The court then enters upon a review of Anderson v. Knox, supra, and many other *4 case, and on page 642 of 49 Kan., on page 125 of 31 Pac., says in conclusion:

"We think the court erred in the admission of the evidence of Bowersock, as to what he received for his interest in the property covered by the deed * * * for the reason that such evidence was not supplemented with other testimony that such sum was a fair and reasonable value of his claim upon the conveyed premises, and that the findings and judgment of the court that such sum was fairly and reasonably paid are not supported by the evidence."

The rule laid down in Anderson v. Knox, supra, has not only been followed in this state, but also in many other states of the Union. Holley v. Younge, 27 Ala. 206; Pate v. McMitchell,23 Ark. 590, 79 Am. Dec. 114; Walker, Adm'r, v. Deaver,5 Mo. App. 139, 149; Dickson v. Desire's Adm'r, 23 Mo. 167, 66 Am. Dec. 661; Guthrie v. Russell, 46 Iowa, 269, 26 Am. St. Rep. 135; Devlin on Deeds, §§ 918, 919; Sedgwick on Damages, § 980. Charge 13, requested by defendant, should therefore have been given, and its refusal was reversible error.

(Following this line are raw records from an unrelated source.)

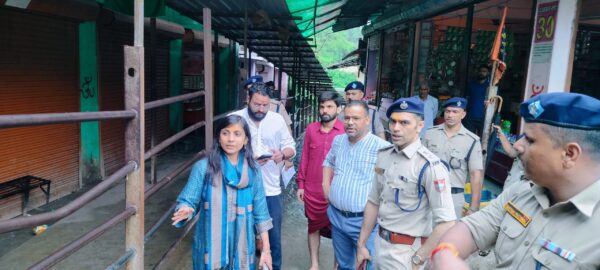 कांवड़ यात्रा की तैयारियों को लेकर डीएम स्वाति एस. भदौरिया ने नीलकंठ क्षेत्र का किया स्थलीय निरीक्षण, कमियों पर जताई नाराजगी, अधिकारियों को दिए सख्त निर्देश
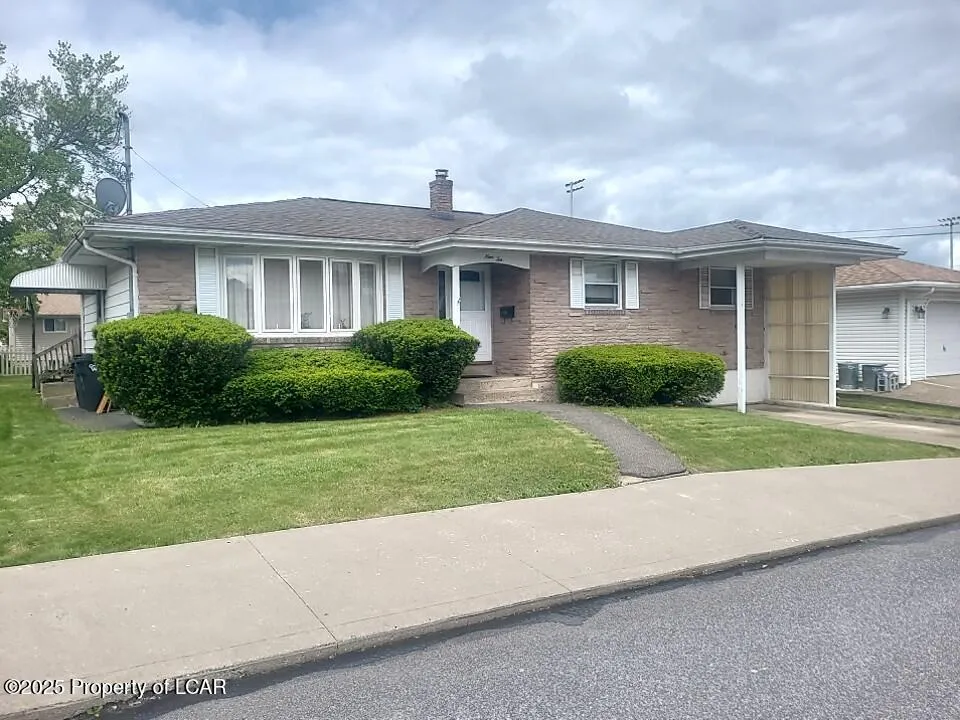 910 Roosevelt Street, Hazle Twp, PA 18202, 3 Bedrooms Bedrooms, 7 Rooms Rooms,2 BathroomsBathrooms,Residential,For Sale,Roosevelt,25-2654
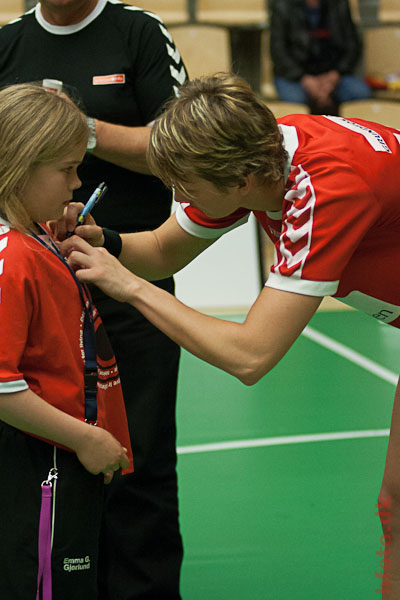 Lene Lund Nielsen - der skrives autografer efter kampen.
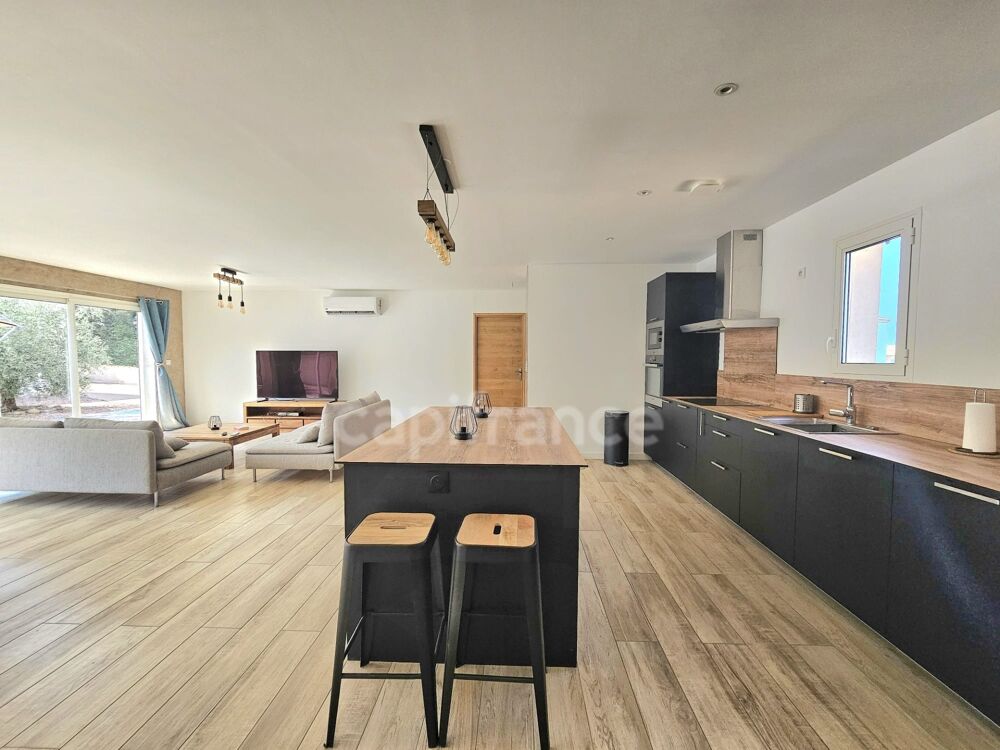 Ensemble immobilier de 368 m2 divisé en 3 habitations, piscine, terrain 1683 m2 à VESCOVATO (Haute Corse)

The bill of exception (page 34) informs us that upon the verdict in favor of plaintiff being returned to the court in this case, "the defendant in open court, and in the presence of the jury, and before the jury was discharged, and before any judgment was rendered upon said verdict, moved the court to render a judgment for the defendant non obstante veredicto." This motion was overruled and exception taken, and is now before us for review. The proceedings in the chancery court being utterly void, and not being sufficient to pass the lien of the city to the purchaser, for the reason that, no assessment being shown, no lien in the city's favor ever came into existence, the general charge requested by appellant should have been given; and the defendant being entitled to judgment in his favor, it was error not to have granted his motion for such judgment non obstante veredicto. Barton v. Gas Engine Co., 154 Ala. 275, 45 So. 213; Goehrig v. Stryker (C. C.) 174 Fed. 897; Holland v. Kindregan, 155 Pa. 156,25 A. 1077; Glennon v. Erie R. Co., 86 App. Div. 397,83 N.Y. Supp. 875; Hay v. City of Baraboo, 127 Wis. 1, 105 N.W. 654, 3 L.R.A. (N.S.) 84, 115 Am. St. Rep. 977; Larson v. American Bridge Co., 40 Wn. 224, 82 P. 294, 111 Am. St. Rep. 904; Casety's Case, 35 Wn. 478, 77 P. 800; Fisher v. Scharadin. 186 Pa. 565,40 A. 1091.

The judgment appealed from will be reversed, with instructions to the trial court to grant the motion made by the defendant for a judgment non obstante veredicto, as in this way only can the defendant obtain what he was lawfully entitled to at the time this motion was made.

Reversed and remanded, with instructions.